SIEGEL: (Laughter) This was the photographer Yousuf...

SCHAMA: Yes.

SIEGEL: ...Karsh who did that. But you begin your book, actually, with the description of a portrait that does not and cannot hang in the National Portrait Gallery in London because it doesn't exist anymore. And this was...

SCHAMA: You're giving the game away. Yes, but that's all right. It doesn't...

SIEGEL: Graham Sutherland's 1954 portrait of Winston Churchill 13 years later. He's been prime minister twice. He's going to be honored by this grand portrait. He sits for one of the trendiest painters in Britain and...

SCHAMA: Yes, Graham Sutherland. It's his 80th birthday. It's going to be the moment when the nation, in the shape of Parliament, is going to thank him for saving the country during the war. And Parliament indeed picks this fashionable and rather brilliant portraitist. And then they have a kind of testy relationship. It's a testy relationship because Churchill, you'll remember, is himself a painter. So Churchill thinks of it as a partnership. But he has certain political issues that are desperately important to him.

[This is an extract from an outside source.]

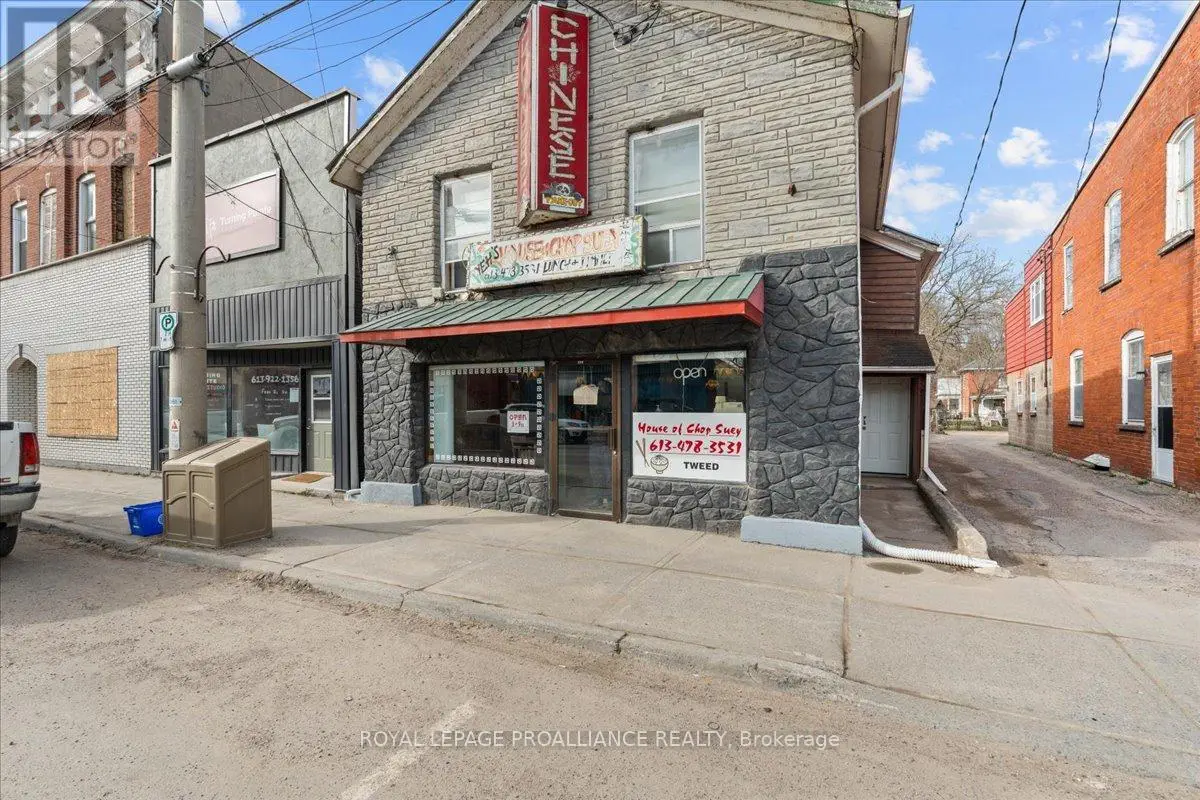 334 Victoria Street N, Tweed, Ontario  K0K 3J0 - Photo 3 - X11973928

Unbeknownst to the country, he'd had a stroke a few months before. And because he had a stroke, his own party, the Conservatives, were very keen to get him out of the door in time for the next election. Churchill accepted but he kept on thinking of reasons why he didn't want to go. So when portrait time happened, he wanted a version of himself where he was still in the full prime of his veteran power - an old man but a perpetually energetic man. And what he got from Sutherland, as became quickly apparent, was a portrait of a magnificent ruin, as I say.

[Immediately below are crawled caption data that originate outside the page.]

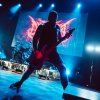 Foto Distant te Austrian Death Machine - 24/05 - Effenaar
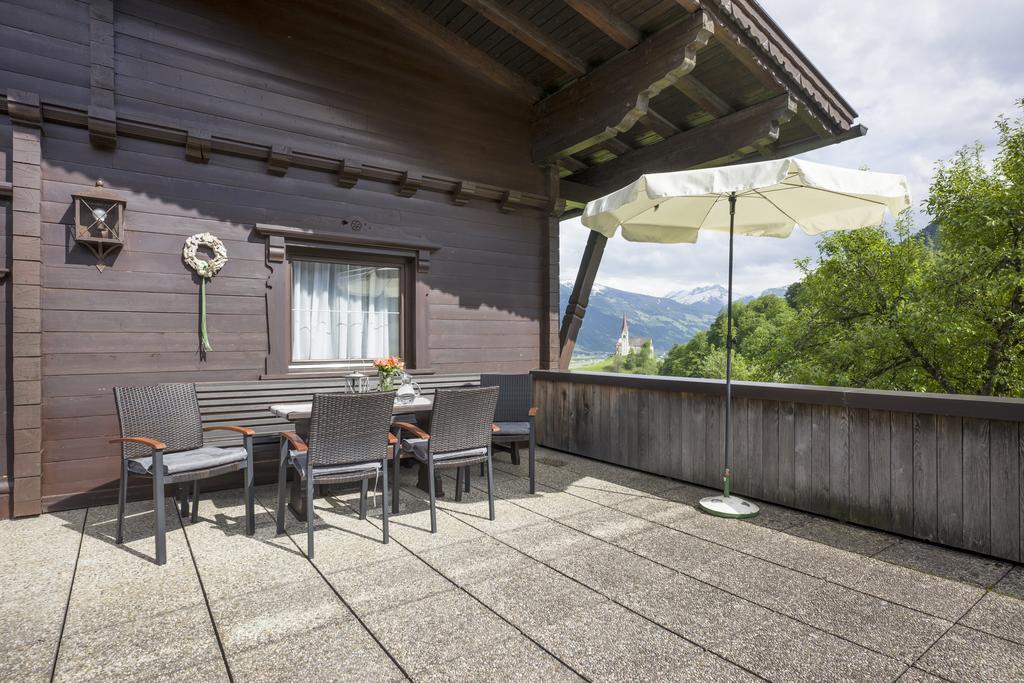 Riemenerhof Villa Fügen Szoba fotó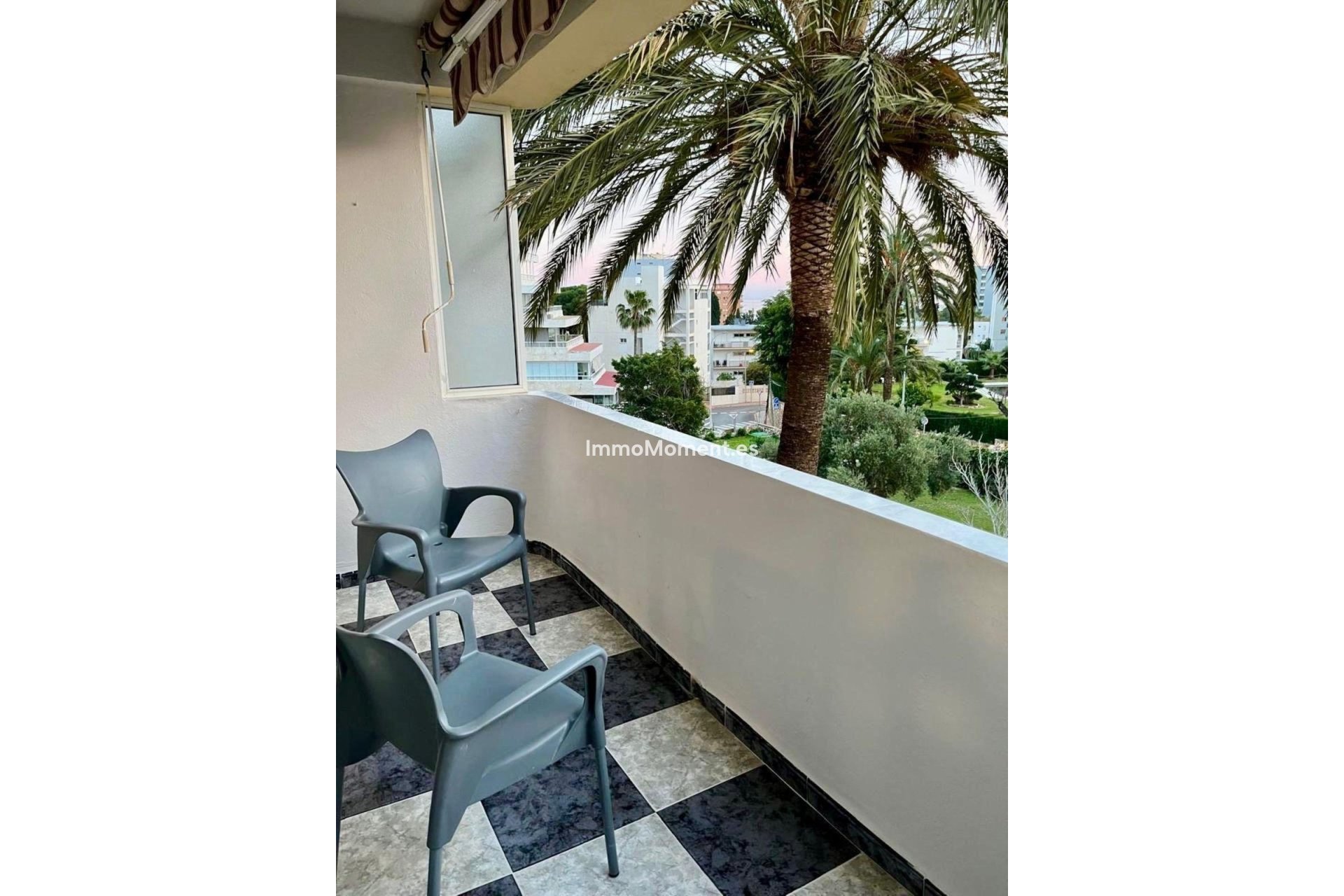 Resale - Apartment - Benalmadena - Benalmadena Costa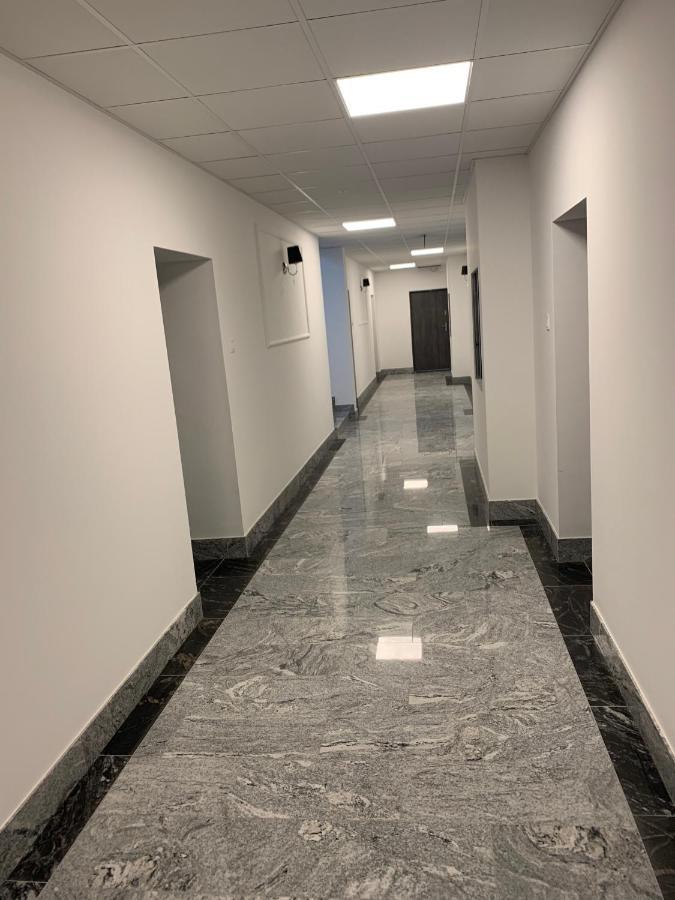 Apartament Walczaka 22 Miejsce Parkingowe Gorzów Wielkopolski Exteriér fotografie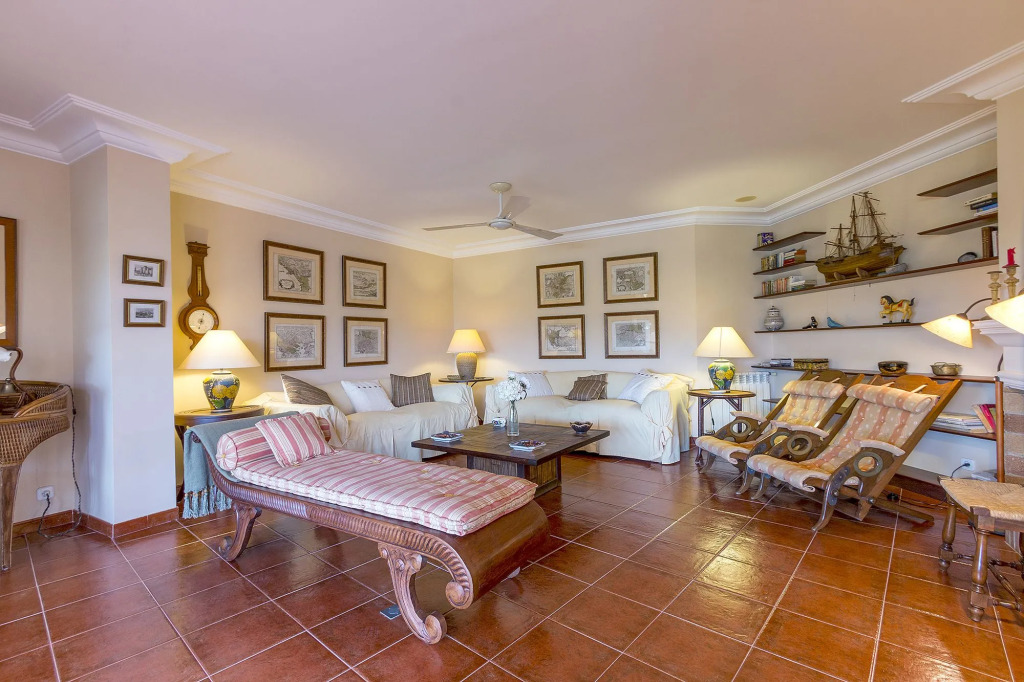 Villa Bellavista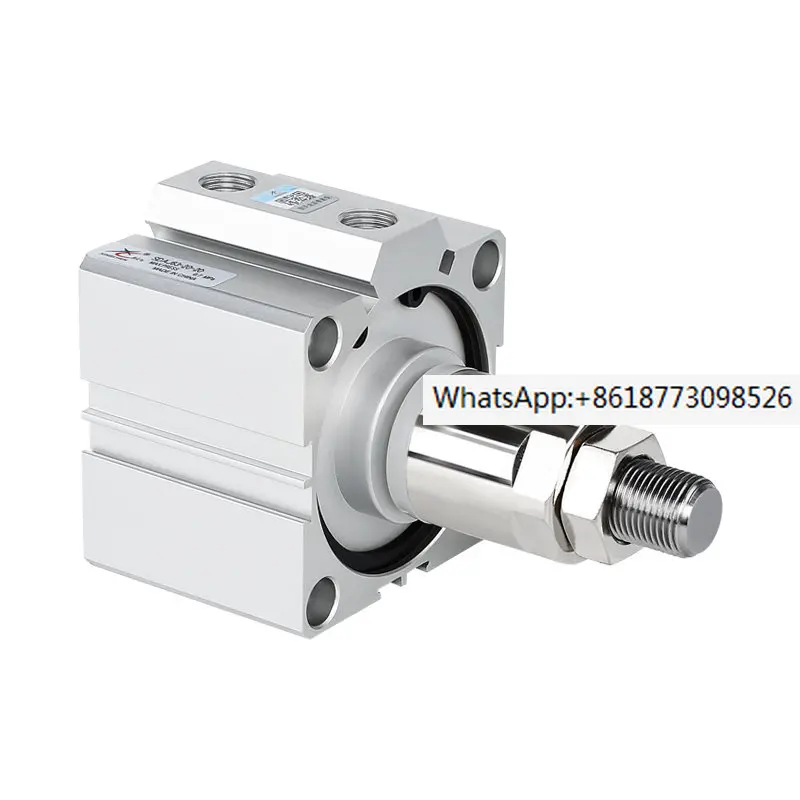 Star pneumatic adjustable thin cylinder SDAJS1216324020/30-30/50-30/75-50/100-50
Star pneumatic adjustable thin cylinder SDAJS1216324020/30-30/50-30/75-50/100-50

And he said, I don't want this presented to me. But the ceremony had to go ahead. And it was a shocking moment. Churchill very stagily got his revenge by facing this huge audience, a television audience as well as the audience in Westminster Hall, and saying, this is a very remarkable example - heavy pause - of modern art. And everybody fell about laughing except for the poor artists, who felt destroyed by the moment.

SIEGEL: Modern art, at the moment, not a positive or even neutral phrase...

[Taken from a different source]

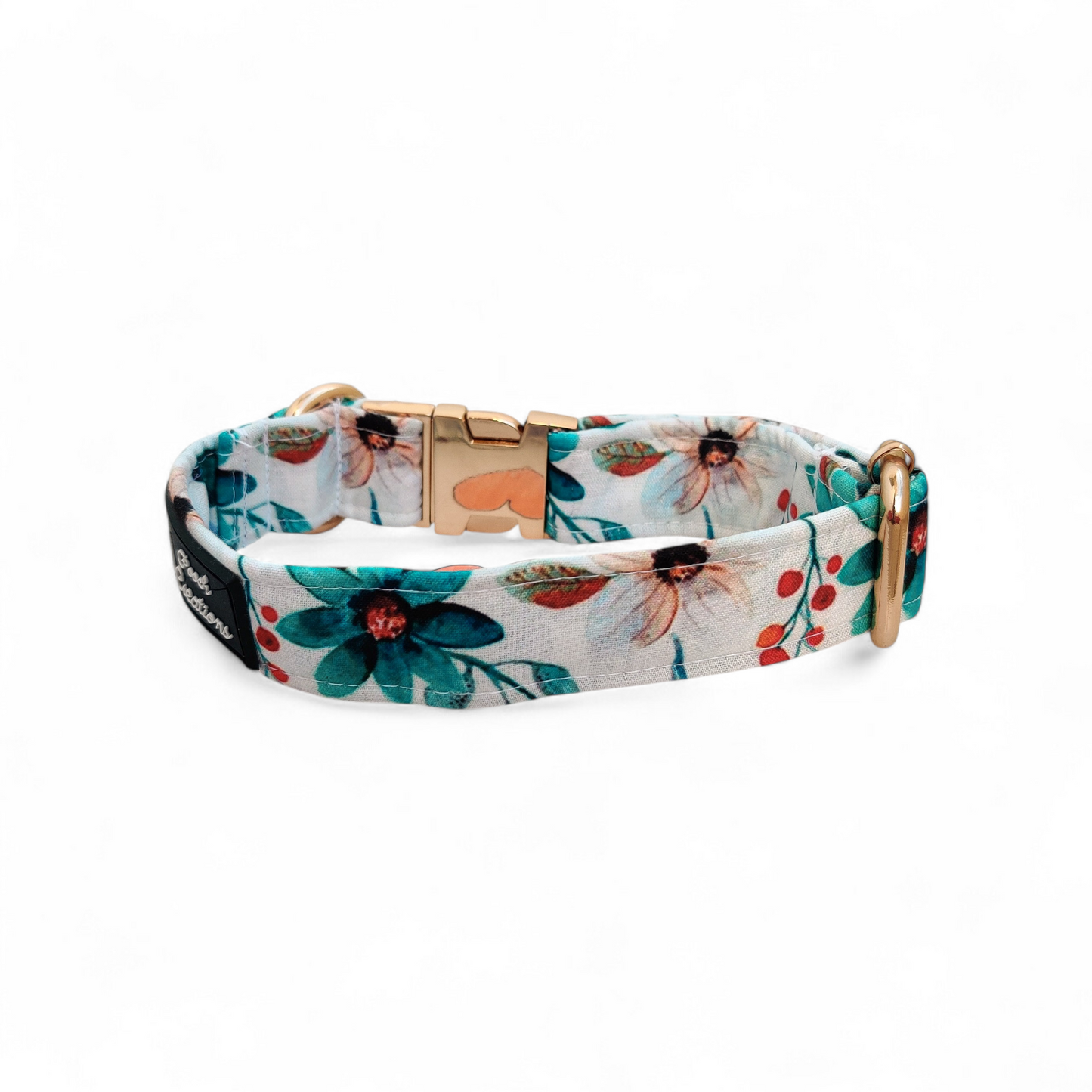 Petunia Collar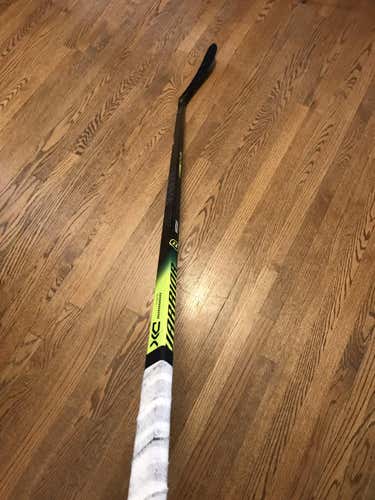 Unreleased Pro Stock Warrior Alpha DX Stick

SCHAMA: That's right, Churchill knew exactly what he was doing. But this wasn't good enough because when the portrait was given to the family, it was not long before they put it on a bonfire and burnt it.

SIEGEL: So what you have is a picture, a photograph...

SCHAMA: We have a slide...

SIEGEL: ...Of the painting...

SCHAMA: We have a slide, which, for me, shows that it was - if it had survived, it would have been one of the grandest and most expressive and moving portraits ever done of a statesman, I think.

SIEGEL: Simon Schama, thank you very much for talking.

SCHAMA: It's a pleasure.

SIEGEL: Simon Schama's book is called "The Face Of Britain: The Nation Through Its Portraits."